Mahler e Dallapiccola: presagi e meditazioni

Il concerto dell’Orchestra di Padova e del Veneto per il Giorno della Memoria

Marco Angius ( Foto Fenice)
Marco Angius ( Foto Fenice)
Recensione
classica
Padova, Teatro Verdi
Il concerto dell’Orchestra di Padova e del Veneto per il Giorno della Memoria
30 Gennaio 2025

Cinquant’anni corrono tra i Kindertotenlieder di Gustav Mahler e Il Prigioniero di Luigi Dallapiccola. In mezzo, due guerre mondiali; una delle quali portatrice in Europa dello sterminio organizzato del popolo cui Mahler apparteneva. Cose che si sanno e che il Giorno della Memoria ci rammenta annualmente. Sulla scia di questa ricorrenza si è inserito il concerto tenutosi il 30 gennaio al Teatro Verdi di Padova, con l’Orchestra di Padova e del Veneto (OPV) diretta da Marco Angius.

Il programma è stato intelligentemente eseguito senza soluzione di continuità, come a gettare un ponte tra il prima e il dopo il disastro. A sua volta la lettura di Angius ha portato i due titoli a congiungersi, ma senza inventare nulla che non fosse già nella partitura: semplicemente, plasmando con l’orchestra due tipi di suono pressoché antitetici. Uno, cui appartengono il primo, il secondo, il terzo e il quarto Lied di Mahler, è il suono dell’orchestra wagneriana, con tecnica degli impasti, legati che emergono dalle profondità del golfo mistico, increspature sulla superficie del buio: ad esempio, lungo tutto il terzo Lied, il corno inglese e l’oboe fondevano timbro e fraseggio in una sola morbida nenia, voluttuosa ancorché presaga di morte. L’altro, cui appartiene il quinto Lied, ci porta in tutt’altro mondo: dissociazione dei timbri, durezze, asperità, profilature secche e senza l’obiettivo della gradevolezza. Siamo già piombati nel Novecento dell’espressionismo, della dodecafonia, della musica degenerata. E come l’OPV ha saputo essere due orchestre in una, così il mezzosoprano Katarzyna Otczyk, sia nei Kindertotenlieder sia come Madre nel Prigioniero, ha saputo essere due cantanti in una, e merita lodi per il dominio dei suoi mezzi nell’uno e nell’altro linguaggio, e per l’espressività che è stata in grado di cavare dall’esteso timbro che la natura le ha donato. 

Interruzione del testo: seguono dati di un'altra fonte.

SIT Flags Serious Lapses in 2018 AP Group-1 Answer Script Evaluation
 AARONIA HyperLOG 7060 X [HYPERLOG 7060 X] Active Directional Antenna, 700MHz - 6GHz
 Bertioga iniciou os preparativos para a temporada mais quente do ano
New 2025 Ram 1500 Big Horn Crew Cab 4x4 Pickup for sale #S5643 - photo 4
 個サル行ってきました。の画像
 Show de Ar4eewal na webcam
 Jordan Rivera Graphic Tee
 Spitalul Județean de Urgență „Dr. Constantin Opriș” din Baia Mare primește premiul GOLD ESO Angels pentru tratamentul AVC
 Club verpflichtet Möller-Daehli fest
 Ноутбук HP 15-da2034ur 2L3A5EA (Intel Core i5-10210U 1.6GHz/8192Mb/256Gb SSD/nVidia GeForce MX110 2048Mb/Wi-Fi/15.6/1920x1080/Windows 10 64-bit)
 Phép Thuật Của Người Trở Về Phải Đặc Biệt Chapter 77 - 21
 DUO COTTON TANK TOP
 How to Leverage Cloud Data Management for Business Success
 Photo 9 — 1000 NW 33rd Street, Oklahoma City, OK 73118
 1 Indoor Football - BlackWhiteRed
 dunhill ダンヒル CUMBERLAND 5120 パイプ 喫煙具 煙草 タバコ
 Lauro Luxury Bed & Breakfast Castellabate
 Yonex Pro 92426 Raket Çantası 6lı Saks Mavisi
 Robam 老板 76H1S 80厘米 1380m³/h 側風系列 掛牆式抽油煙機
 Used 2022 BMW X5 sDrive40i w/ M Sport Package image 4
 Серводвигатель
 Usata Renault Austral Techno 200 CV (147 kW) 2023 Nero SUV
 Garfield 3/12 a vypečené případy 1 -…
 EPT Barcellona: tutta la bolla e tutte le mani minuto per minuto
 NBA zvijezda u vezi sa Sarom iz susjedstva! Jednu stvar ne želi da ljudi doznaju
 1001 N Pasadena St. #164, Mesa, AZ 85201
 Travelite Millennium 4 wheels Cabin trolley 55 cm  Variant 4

Superstar della serata il baritono Bruno Taddia, a tutti noto per le sue doti di attore inscindibili da quelle di cantante. La sua lettura del Prigioniero è stata a dir poco rivelatrice. Si collocava in pieno spirito del racconto di Villiers de l’Isle-Adam da cui è in parte tratto il libretto. Borges lo paragonò a Il pozzo e il pendolo di Poe, poiché in entrambi vediamo messa a nudo «la crudeltà cui può giungere l’animo dell’uomo», ma aggiunse che «in Poe l’orrore è di ordine fisico; Villiers, più sottile, ci rivela un inferno di ordine morale». Taddia infatti, sottile anche lui, non grida come farebbe il prigioniero di Poe: sussurra. Il suo dramma si comprime nelle mezze voci, trattenuto dalla morsa di una tortura che è tutta nella mente, quale ricordo e terrore della reiterazione. Al tempo della composizione, Dallapiccola non poteva conoscere la frase di Jean Améry, sul torturato che rimane tale per tutta la vita; ma è come se, mettendo in musica Villiers, e facendolo in questo modo, inventasse a sua insaputa il vero. Angius, sulla stessa linea di Taddia, ha mantenuto cameristico il suono dell’orchestra dallapiccoliana, piena di tante correspondances tra strumenti, riverberate con inquieta freddezza. Se proprio dovessimo dire cosa mancava indicheremmo il calore, specialmente nei due intermezzi corali, ma la lettura era nondimeno coerente, e l’orchestra impeccabile. Una garanzia Stefano Secco come Carceriere-Inquisitore. Ottimo Xin Zhang come Primo Sacerdote. Scoperta: Giulio Iermini come Secondo Sacerdote, una voce a dir poco eccezionale. Grande serata per una doppia ricorrenza: oltre al Giorno della Memoria, il concerto celebrava il cinquantesimo anniversario della morte di Dallapiccola.